WORK REQUIRED:
Where an image appears, leave it out; otherwise repeat the data exactly.

### DATA EXTRACT

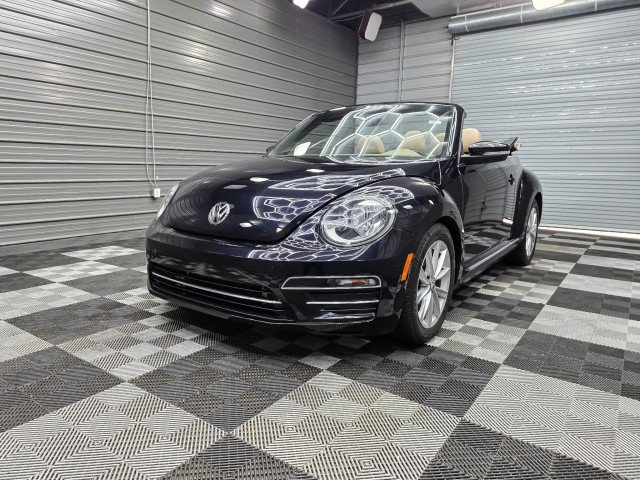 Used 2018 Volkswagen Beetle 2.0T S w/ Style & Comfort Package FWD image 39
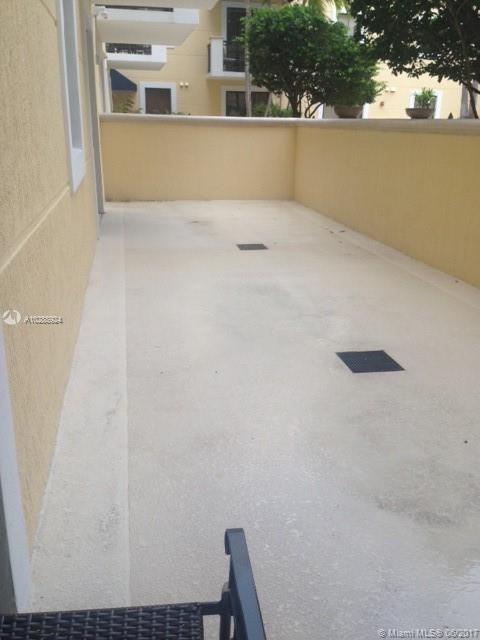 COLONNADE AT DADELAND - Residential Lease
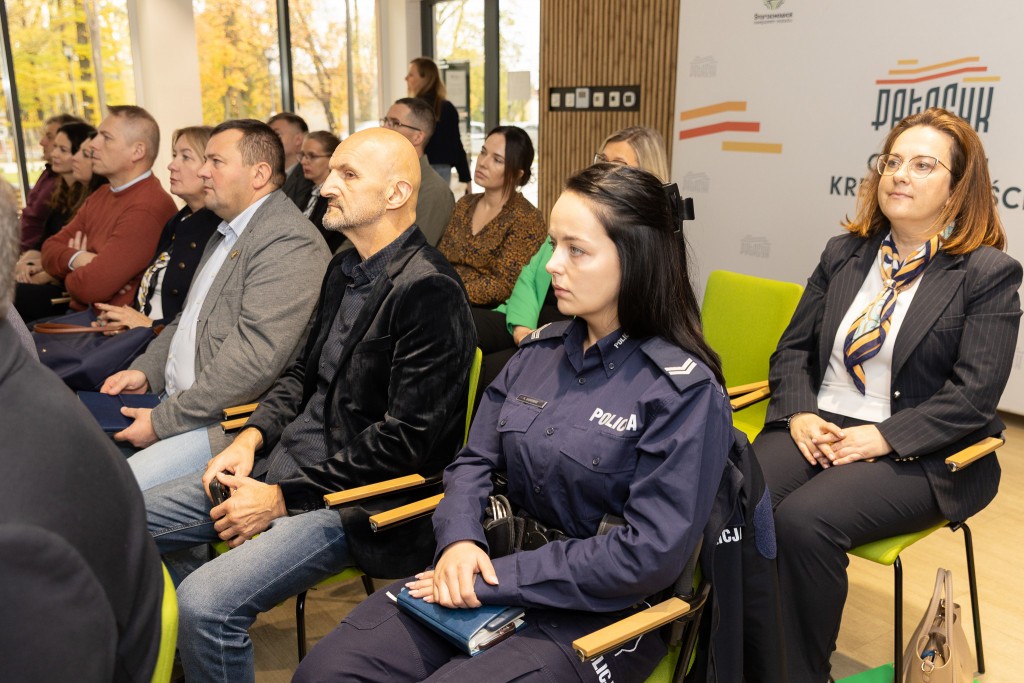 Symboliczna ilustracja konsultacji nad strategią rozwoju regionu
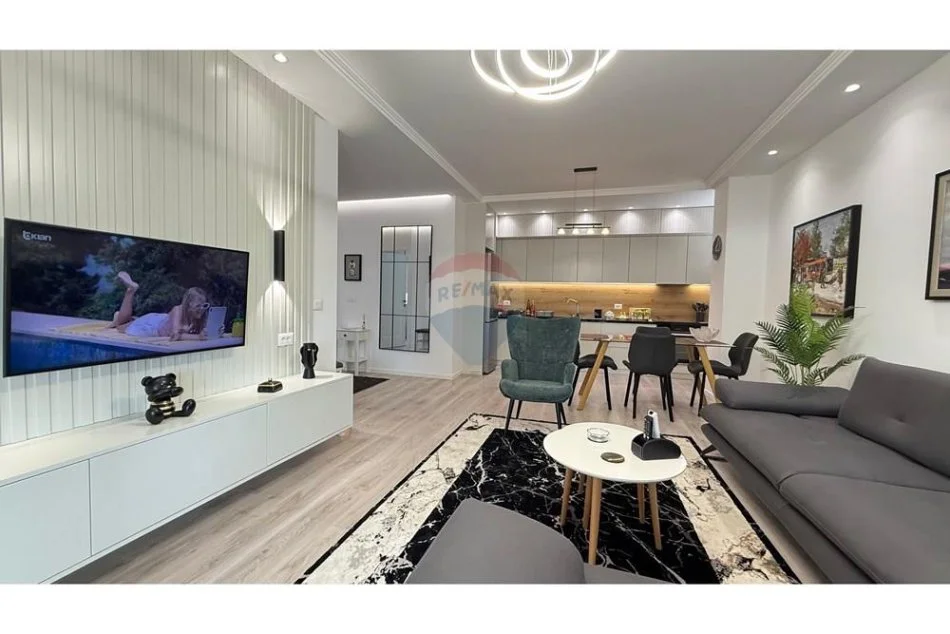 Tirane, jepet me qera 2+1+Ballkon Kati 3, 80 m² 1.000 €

######

TASK RESULT:
 Used 2018 Volkswagen Beetle 2.0T S w/ Style & Comfort Package FWD image 39
 COLONNADE AT DADELAND - Residential Lease
 Symboliczna ilustracja konsultacji nad strategią rozwoju regionu
 Tirane, jepet me qera 2+1+Ballkon Kati 3, 80 m² 1.000 €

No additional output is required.